For most applications of ultrasound, there is a minimum amplitude (typically 70 – 80 microns) below which the application fails due to insufficient processing intensity. With conventional ultrasonic technology, the required amplitudes can only be achieved by laboratory devices and cannot be reproduced on a production scale. Although large conventional ultrasonic processors with high power ratings are available, their maximum amplitudes are very low (only about 20 – 25 microns), which results in severely diminished processing quality.

Barbell Horn® Ultrasonic Technology (BHUT)—our core intellectual property—has resolved this issue by making it possible to increase the size of an ultrasonic processor without losing the required high amplitude. BHUT-based laboratory, bench and industrial-scale ultrasonic processors can all provide extremely high ultrasonic amplitudes (over 100 microns). Our customers can, therefore, count on reproducible post-scale-up results, where productivity rates are greatly increased while the highest finished product quality is maintained.

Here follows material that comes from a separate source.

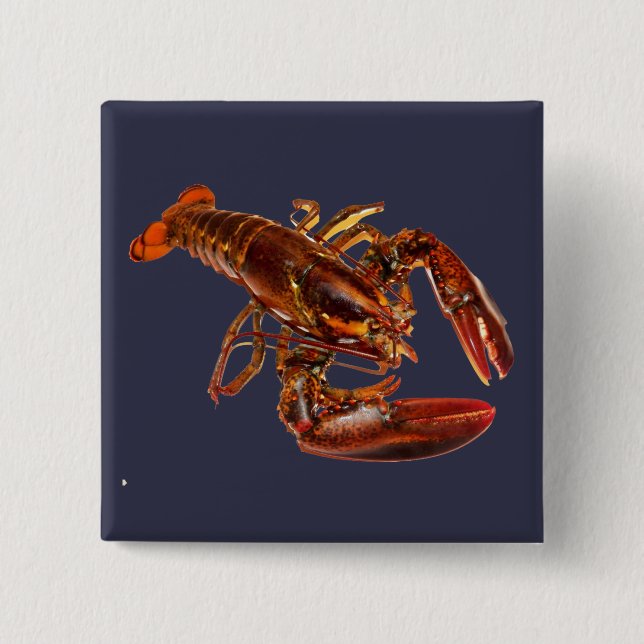 Lobster 15 Cm Square Badge (Front)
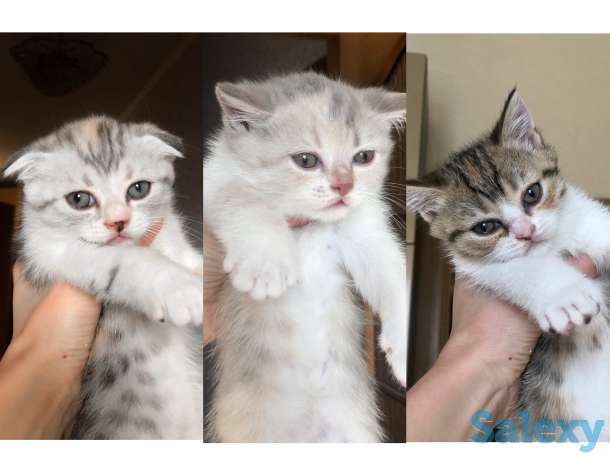 Шотландские котята, фотография 1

For ultrasonic applications, processing intensity is defined by ultrasonic amplitude. By way of analogy, hard-boiling an egg is an application where processing intensity is defined by water temperature, which must reach about 100 ^oC for this application to be successful. A hard-boiled egg cannot be prepared in a bathtub of warm water—regardless of how much power is spent on warming it—if the required water temperature cannot be reached. Similarly, to produce the desired results, an ultrasonic processor must be able to reach the required amplitude (typically, 70 – 80 microns), regardless of its specified power rating. Once the required amplitude condition is established, however, the power rating does become important, since a larger ultrasonic horn (the vibrating device in an ultrasonic processor) requires more power than a smaller one to be driven at a given amplitude.

In addition to enabling scale-up without reducing ultrasonic amplitudes, our technology includes another essential (and patented) feature—sealed, water-cooled transducers. A transducer converts the electric energy coming from an ultrasonic generator into mechanical vibrations. High voltages and currents are commonly present in a transducer’s internal area, and substantial heat can be released during its operation. Efficient cooling, especially during continuous processing, as well as protecting the internal area from exposure to humidity or flammable vapors are, therefore, essential conditions.

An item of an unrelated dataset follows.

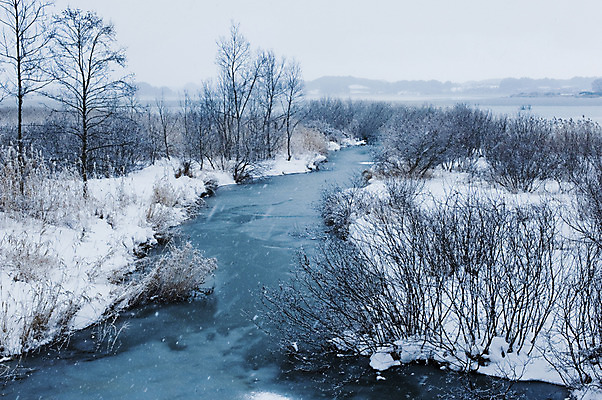 포토 JPG 주간 나무 식물 계절 호수 겨울 자연 풍경 사람없음 야외 눈 국내포토 자연요소 날씨 생태계 파일형식
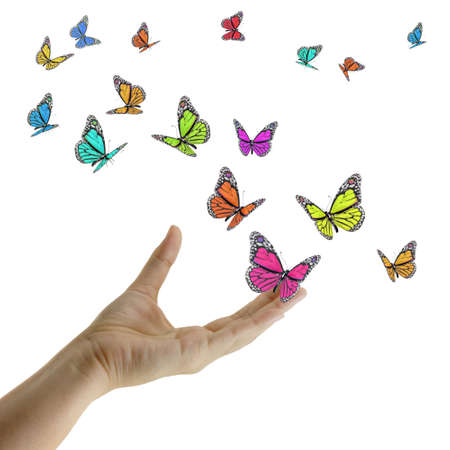Hand releasing exotic butterflies on whiteの写真素材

Conventional transducers are typically cooled by forced air, which makes them prone to overheating during continuous operation (air has low heat removal capacity) and vulnerable to condensation, humidity and flammable vapors, which the air may bring into the internal area where high-voltage contacts are located.

Our water-cooled transducers, on the other hand, can operate continuously (24/7) without overheating and are fully sealed to the outside environment, which makes them immune to high-humidity conditions and suitable for processing flammable materials, such as fuels and organic solvents.